Copy the data exactly, pictures aside.
═══ Dataset content ═══
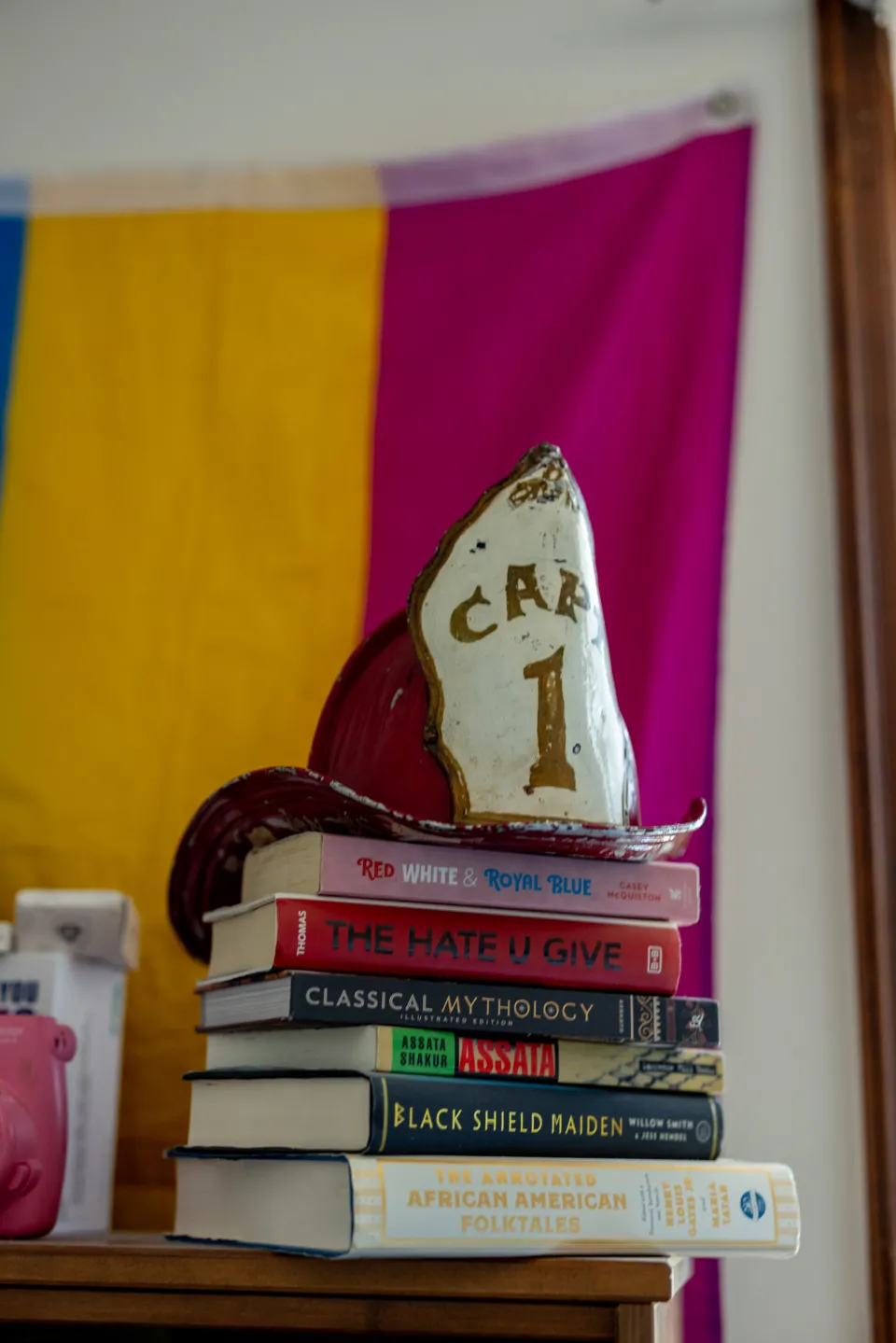 The Comstock's red fire captain helmet sits on a stack of books on a bureau in front of a colorful flag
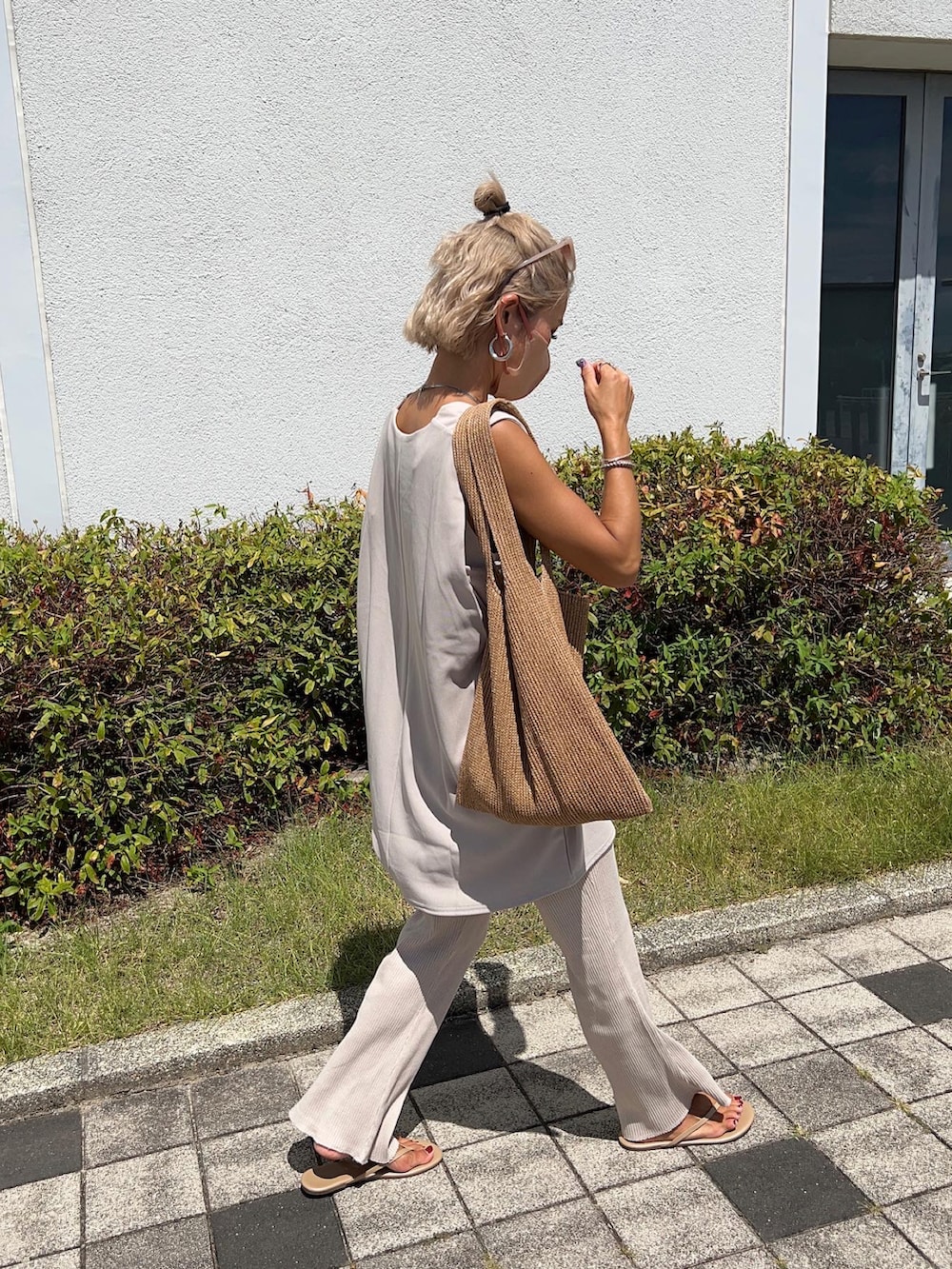 ベージュ系のベスト、イエロー系のトートバッグ、ホワイト系のタンクトップを着用したレディースの夏コーディネートの3枚目の写真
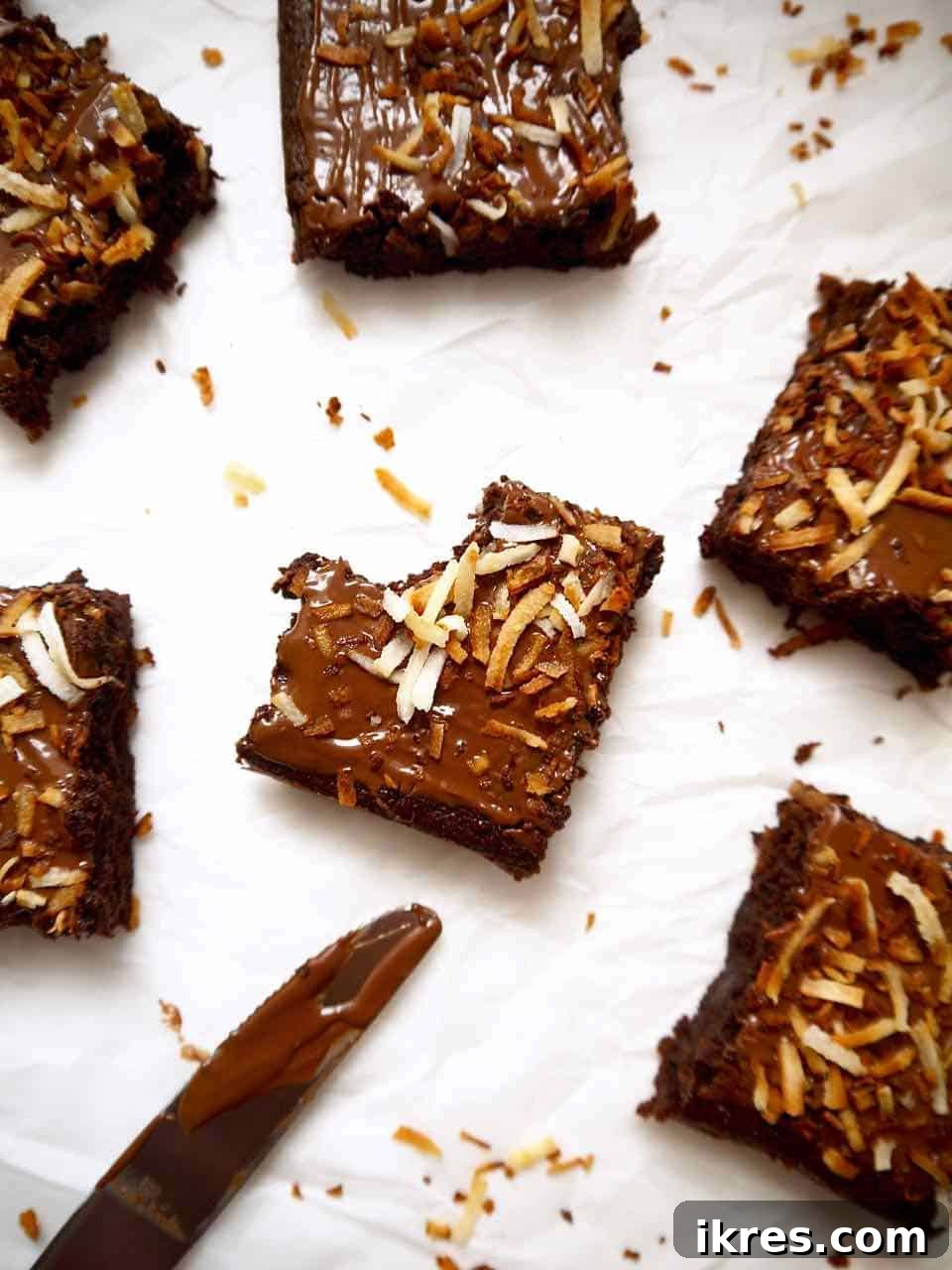 Gluten-Free Toasted Coconut Cloud Brownies 2 A bite taken out of a Gluten-free Toasted Coconut Brownie, showing its fudgy interior and crunchy coconut topping.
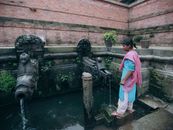 A woman stands by traditional stone water spouts in a historic courtyard.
═══
Problem solution ▸
 The Comstock's red fire captain helmet sits on a stack of books on a bureau in front of a colorful flag
 ベージュ系のベスト、イエロー系のトートバッグ、ホワイト系のタンクトップを着用したレディースの夏コーディネートの3枚目の写真
 Gluten-Free Toasted Coconut Cloud Brownies 2 A bite taken out of a Gluten-free Toasted Coconut Brownie, showing its fudgy interior and crunchy coconut topping.
 A woman stands by traditional stone water spouts in a historic courtyard.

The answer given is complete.